Thor’s Beach, Thorstrand Road
Magnus Swenson (1855-1936) was a brilliant scientist and inventor. Born in Norway, he immigrated to the United States at age 13, on a horrible passage. The trip took twelve weeks, and 22 of the 60 passengers died from starvation and exhaustion. He worked his way to Janesville where he learned the trade of blacksmith. He came to Madison in 1876 to attend the UW, graduating four years later with high honors in metallurgical engineering. He then taught chemistry at the UW until 1883. He and William Henry founded the College of Agriculture, and he was also instrumental in establishing the UW chemical engineering department.
His 1880 senior thesis revealed that 87 percent of Madison wells were contaminated by sewage, which he attributed to their proximity to outdoor privies. This was a radical thought for the day, since Pasteur had only recently announced his germ theory. While sampling wells, Swenson had to be escorted by police officers to avoid being pelted with stones. Ultimately, his research showed the need for a municipal water system, and he was given the position of city chemist.
While teaching at the UW, he perfected a method of extracting sugar from sorghum. He won a $2500 prize from the USDA for the best paper on chemistry and the manufacture of sugar in 1883. He left Madison at that time and built a sugar plant in Texas. Then he went to Kansas and built a factory to manufacture sugar-making equipment, including his Swenson sugar evaporator. In 1893, he went to Chicago and built another sugar equipment factory. He also invented a cotton baler, for which he received a medal at the Philadelphia centennial exposition. He devised processes used by soap and perfume manufacturers.
Annie Dinsdale Swenson (1858-1935) graduated with Magnus from the UW in 1880. She accompanied her minister father as a young girl when he went on his saddlebag tours.
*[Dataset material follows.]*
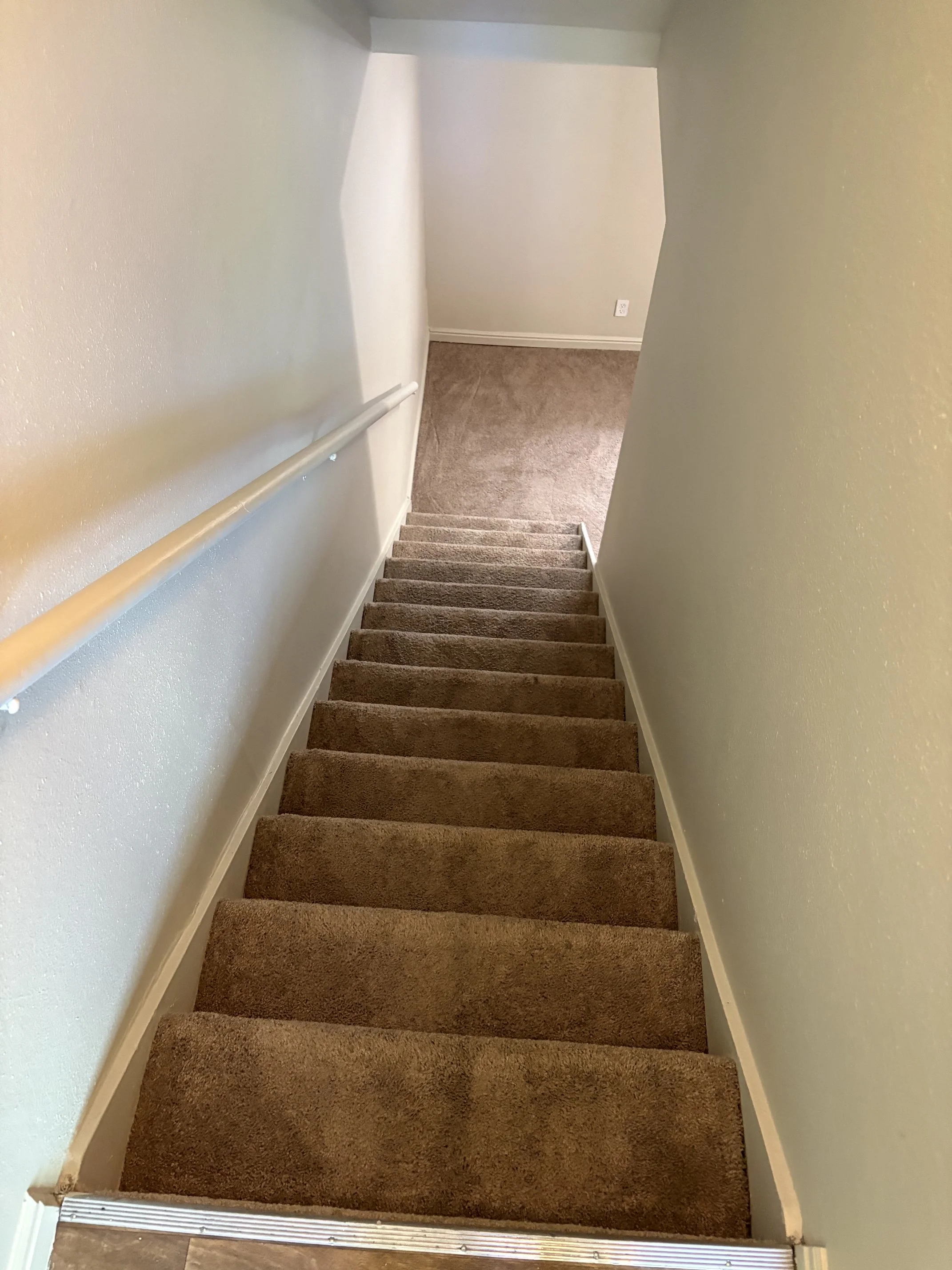 	
Turn/make ready carpet cleaning completed by Doblo Turn Pros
She was a member of the Madison Woman's Club and the AAUW. For 35 years, she was an active part of Madison's civic, religious, and social life.
In the early days of their marriage, they lived just off the capitol square. In the 1890s, they purchased a 15-acre cornfield north of University Avenue near the site of Marshall Park ["Thor's Beach"]. Over many years, they planted a variety of trees, including many not usually found in the area. The mansions on today's Thorstränd Road were constructed in 1922. The Italian-style villas were designed by Law and Law, the second mansion being for their daughter Mary Swenson North. Both houses featured exquisite hardwood floors and woodwork, as well as stained glass. In 1979, both were facing demolition. [I don't know if they are still there; the roadway is marked private.]
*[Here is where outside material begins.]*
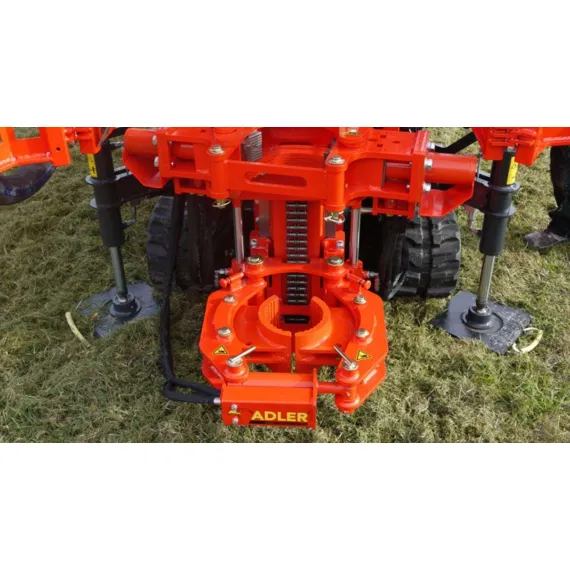 Equipo de perforación ADLER B75 Potencia compacta para trabajos de perforación exigentes Energía geotérmica y perforación de pozos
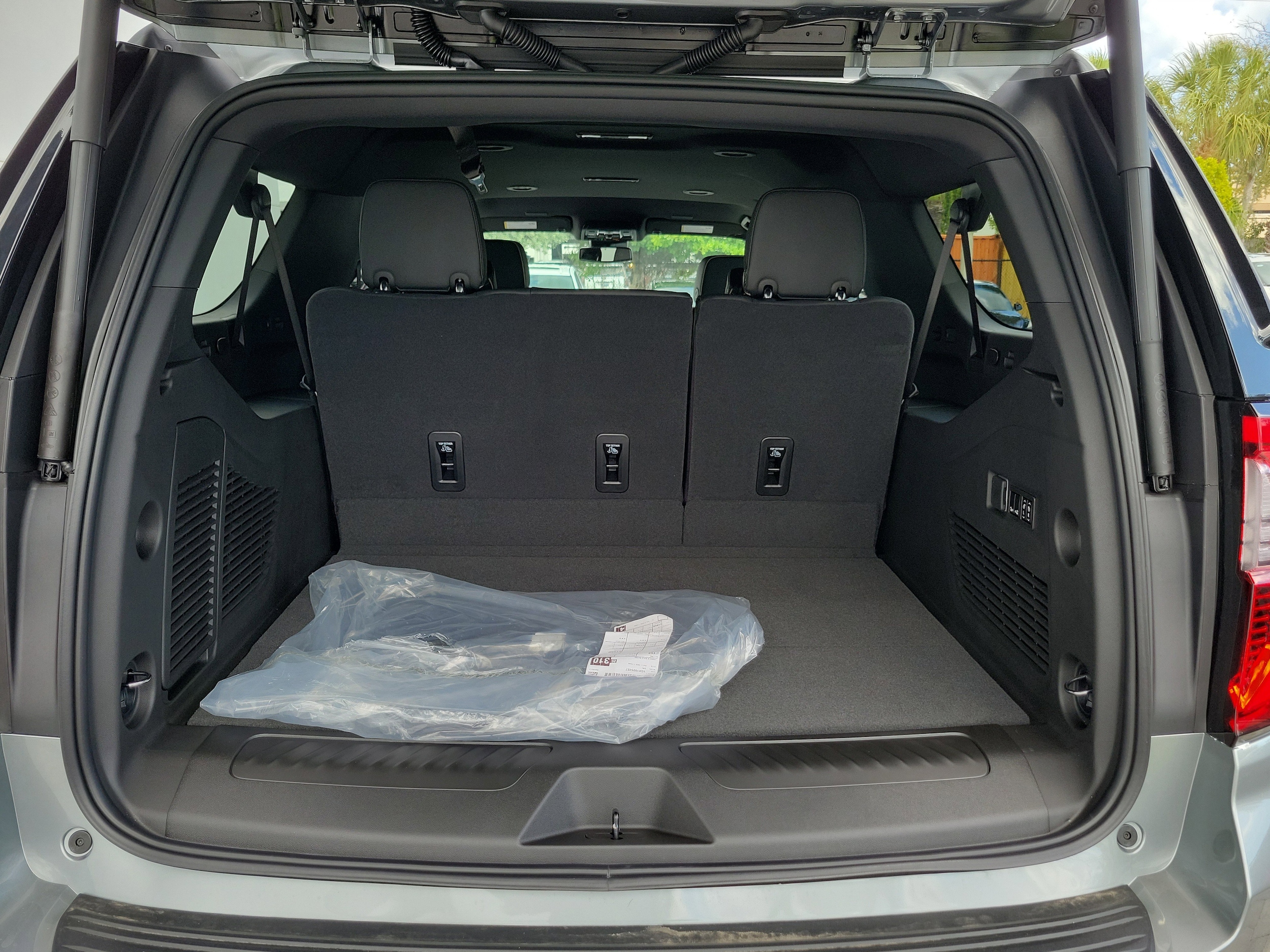 2026 GMC Yukon XL Elevation - Photo 9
In 1912, Norway's king knighted him as a native-born Norwegian with great scientific achievements. That same year, he became director of the newly-founded Norwegian-American Steamship Company. In 1919, Swenson was appointed president of the Norwegian-American Steamship line in New York, remaining in this position until his death.
Swenson was promoting food conservation before the 1917 food crisis. When Herbert Hoover took over as the nation's food administrator, he adopted many of Swenson's ideas and appointed him food administrator for Wisconsin. Swenson attacked food hoarding, encouraged cultivation of gardens, and instituted wheatless and meatless days in the state while in this position. Swenson served as director general for food supplies in northern Europe after World War I from Copenhagen for the Hoover administration.